Brytyjski parlament, w odróżnieniu od np. polskiego parlamentu, nie obraduje permanentnie lecz na sesjach, które otwiera i zamyka (tym właśnie jest prorogacja) królowa na wniosek premiera. Do prorogacji dochodzi zazwyczaj raz w roku, jesienią, a kolejna sesja otwierana jest przez królową, która wygłasza mowę tronową prezentującą program rządu na najbliższe miesiące.
Królowa formalnie mogłaby odmówić premierowi prorogacji parlamentu, ale zgodnie ze zwyczajem przychyla się do prośby brytyjskiego premiera, zgodnie z regułą monarchii parlamentarnej, która głosi, że "król panuje, ale nie rządzi" (rex regnat, sed non gubernat).
Obecna sesja brytyjskiego parlamentu trwała wyjątkowo długo, ponieważ rozpoczęła się po wyborach z czerwca 2017 roku - i od tego czasu nie doszło do prorogacji. Na wyjątkową długość sesji zwracał uwagę Johnson uzasadniając swoją decyzję o zawieszeniu parlamentu.

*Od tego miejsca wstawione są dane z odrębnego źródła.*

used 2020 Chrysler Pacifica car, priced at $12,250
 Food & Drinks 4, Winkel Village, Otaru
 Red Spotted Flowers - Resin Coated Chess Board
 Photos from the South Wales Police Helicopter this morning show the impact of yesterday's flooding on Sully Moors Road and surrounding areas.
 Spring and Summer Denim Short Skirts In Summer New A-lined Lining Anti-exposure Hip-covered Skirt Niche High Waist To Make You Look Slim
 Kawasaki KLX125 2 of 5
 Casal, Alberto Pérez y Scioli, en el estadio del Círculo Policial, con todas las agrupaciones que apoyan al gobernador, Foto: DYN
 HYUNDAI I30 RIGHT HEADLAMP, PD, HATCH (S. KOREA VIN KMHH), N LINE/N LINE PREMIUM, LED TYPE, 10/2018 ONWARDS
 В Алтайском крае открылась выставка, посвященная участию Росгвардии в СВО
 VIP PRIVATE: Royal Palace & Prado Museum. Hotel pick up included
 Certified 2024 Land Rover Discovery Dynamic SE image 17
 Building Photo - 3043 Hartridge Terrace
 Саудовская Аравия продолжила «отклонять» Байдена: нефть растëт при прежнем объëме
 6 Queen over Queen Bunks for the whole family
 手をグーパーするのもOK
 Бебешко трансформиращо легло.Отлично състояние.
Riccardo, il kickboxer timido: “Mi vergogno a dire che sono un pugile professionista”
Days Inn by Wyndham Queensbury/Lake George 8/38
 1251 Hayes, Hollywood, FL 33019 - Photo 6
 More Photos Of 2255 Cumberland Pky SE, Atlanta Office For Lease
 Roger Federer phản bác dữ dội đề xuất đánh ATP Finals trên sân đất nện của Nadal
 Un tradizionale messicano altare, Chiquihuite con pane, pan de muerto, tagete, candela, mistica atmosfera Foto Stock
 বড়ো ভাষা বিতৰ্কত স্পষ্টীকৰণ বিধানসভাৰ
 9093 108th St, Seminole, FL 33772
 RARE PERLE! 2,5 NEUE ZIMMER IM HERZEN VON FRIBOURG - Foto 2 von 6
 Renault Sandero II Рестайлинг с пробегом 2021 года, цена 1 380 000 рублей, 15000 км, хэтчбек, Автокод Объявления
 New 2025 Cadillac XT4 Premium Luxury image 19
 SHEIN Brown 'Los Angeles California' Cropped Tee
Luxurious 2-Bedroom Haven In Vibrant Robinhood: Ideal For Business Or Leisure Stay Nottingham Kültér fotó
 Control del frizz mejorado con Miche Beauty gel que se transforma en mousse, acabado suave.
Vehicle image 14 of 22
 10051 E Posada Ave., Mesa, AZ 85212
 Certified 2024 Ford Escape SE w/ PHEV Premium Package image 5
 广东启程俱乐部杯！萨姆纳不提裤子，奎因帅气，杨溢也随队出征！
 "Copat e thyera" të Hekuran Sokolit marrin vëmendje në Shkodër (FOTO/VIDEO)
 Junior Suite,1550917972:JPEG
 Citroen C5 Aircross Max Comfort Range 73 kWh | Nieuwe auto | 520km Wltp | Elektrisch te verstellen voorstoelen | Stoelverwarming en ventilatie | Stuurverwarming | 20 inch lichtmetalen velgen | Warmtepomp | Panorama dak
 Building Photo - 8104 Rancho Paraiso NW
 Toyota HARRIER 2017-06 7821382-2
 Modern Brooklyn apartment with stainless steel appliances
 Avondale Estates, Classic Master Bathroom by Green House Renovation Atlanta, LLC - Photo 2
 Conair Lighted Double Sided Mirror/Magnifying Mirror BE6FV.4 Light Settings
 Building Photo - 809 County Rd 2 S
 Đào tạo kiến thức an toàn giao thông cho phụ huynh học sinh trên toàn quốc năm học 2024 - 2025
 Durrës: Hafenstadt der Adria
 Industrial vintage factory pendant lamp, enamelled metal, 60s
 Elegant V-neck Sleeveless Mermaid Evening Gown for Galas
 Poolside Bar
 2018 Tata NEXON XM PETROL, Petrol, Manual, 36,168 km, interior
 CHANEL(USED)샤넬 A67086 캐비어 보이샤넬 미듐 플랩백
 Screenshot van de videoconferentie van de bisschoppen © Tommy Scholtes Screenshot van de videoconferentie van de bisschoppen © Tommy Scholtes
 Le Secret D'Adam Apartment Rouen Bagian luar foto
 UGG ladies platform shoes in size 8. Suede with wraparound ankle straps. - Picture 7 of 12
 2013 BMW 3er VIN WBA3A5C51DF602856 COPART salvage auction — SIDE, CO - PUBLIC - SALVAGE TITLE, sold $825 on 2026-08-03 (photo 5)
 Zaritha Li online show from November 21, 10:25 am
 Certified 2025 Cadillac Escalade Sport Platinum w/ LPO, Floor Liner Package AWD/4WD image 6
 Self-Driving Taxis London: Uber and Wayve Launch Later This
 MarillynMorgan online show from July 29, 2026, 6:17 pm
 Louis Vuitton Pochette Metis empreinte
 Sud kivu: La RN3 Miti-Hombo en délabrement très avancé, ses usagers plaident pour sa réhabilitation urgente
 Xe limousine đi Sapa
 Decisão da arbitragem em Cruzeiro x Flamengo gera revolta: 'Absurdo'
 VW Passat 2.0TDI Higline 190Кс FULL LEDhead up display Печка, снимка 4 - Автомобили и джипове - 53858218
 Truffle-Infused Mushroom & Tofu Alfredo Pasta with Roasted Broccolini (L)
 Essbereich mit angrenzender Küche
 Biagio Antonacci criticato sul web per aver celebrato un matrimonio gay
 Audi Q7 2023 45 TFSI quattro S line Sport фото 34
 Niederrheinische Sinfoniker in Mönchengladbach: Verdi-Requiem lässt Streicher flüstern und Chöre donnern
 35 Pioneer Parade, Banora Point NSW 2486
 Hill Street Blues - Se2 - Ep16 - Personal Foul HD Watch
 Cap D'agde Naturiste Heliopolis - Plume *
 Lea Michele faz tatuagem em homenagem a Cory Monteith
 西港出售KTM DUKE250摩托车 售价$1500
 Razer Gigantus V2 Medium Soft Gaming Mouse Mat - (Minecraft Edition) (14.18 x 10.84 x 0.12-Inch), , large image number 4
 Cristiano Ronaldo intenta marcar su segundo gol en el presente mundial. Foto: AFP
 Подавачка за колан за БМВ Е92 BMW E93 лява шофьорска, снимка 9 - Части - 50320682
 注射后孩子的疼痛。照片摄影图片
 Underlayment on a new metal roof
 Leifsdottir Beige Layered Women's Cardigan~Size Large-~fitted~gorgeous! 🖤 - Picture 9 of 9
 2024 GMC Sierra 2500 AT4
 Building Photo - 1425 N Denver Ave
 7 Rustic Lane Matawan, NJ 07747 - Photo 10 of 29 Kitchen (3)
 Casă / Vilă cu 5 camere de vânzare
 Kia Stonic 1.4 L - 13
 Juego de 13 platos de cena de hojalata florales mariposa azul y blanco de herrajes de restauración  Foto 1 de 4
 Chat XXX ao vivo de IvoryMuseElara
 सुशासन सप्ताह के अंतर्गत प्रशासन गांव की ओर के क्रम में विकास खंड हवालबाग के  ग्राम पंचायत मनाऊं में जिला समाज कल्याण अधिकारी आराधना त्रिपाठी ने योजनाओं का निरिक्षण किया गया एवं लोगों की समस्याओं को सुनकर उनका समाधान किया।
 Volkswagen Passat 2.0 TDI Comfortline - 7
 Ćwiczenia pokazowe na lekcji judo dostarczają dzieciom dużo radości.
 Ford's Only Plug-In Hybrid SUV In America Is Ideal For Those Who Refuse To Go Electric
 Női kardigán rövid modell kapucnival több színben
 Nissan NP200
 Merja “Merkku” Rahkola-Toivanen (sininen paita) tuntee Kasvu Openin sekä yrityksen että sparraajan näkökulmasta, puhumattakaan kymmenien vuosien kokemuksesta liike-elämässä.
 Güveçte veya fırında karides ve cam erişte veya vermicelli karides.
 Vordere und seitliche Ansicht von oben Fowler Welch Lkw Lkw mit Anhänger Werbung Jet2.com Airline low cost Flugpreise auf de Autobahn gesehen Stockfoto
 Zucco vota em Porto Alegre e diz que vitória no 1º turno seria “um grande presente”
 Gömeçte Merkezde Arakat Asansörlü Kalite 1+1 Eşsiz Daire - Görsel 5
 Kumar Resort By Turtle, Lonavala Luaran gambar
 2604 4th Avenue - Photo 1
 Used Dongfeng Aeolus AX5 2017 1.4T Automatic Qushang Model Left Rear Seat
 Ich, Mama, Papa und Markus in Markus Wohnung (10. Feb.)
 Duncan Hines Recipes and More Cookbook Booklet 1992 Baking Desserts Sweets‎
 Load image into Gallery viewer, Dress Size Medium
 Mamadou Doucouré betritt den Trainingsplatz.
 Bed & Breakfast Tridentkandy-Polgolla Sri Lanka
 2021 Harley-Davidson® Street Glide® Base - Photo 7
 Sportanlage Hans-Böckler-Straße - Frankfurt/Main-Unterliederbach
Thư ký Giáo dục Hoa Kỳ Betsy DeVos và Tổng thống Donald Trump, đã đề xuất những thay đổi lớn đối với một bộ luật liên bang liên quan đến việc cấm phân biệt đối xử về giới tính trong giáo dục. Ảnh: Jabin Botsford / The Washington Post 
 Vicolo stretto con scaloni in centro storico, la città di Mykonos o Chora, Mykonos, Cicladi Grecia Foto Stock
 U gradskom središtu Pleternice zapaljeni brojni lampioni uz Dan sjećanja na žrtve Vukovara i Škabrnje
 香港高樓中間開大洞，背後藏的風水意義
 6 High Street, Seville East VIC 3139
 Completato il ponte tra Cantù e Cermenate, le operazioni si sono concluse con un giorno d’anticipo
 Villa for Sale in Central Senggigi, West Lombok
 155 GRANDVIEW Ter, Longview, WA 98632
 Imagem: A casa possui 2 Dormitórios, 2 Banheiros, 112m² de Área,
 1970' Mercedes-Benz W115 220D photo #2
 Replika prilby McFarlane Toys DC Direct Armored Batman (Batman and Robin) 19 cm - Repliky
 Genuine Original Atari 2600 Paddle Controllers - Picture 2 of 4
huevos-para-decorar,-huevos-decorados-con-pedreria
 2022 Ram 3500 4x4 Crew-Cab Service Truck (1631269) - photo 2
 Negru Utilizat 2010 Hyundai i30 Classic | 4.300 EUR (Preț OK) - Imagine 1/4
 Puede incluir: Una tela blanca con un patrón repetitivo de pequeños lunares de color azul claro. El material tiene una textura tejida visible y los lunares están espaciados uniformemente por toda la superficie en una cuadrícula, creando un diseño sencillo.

Zawieszenie parlamentu wywołuje obecnie kontrowersje na Wyspach nie dlatego, że jest procedurą niezgodną z przepisami czy zwyczajem, lecz dlatego, że następuje w ważnym dla kraju momencie, na dwa miesiące przed datą brexitu wyznaczoną przez UE na 31 października. Przed prorogacją odbędą się zaledwie dwa posiedzenia Izby Gmin, a następnie zbierze się ona dopiero 14 października, na trzy dni przed szczytem UE, który będzie ostatnią szansą, by po raz kolejny poprosić Brukselę o przełożenie daty brexitu w przypadku, gdyby do tego czasu nie udało się wynegocjować umowy, a krajowi groziłby twardy brexit.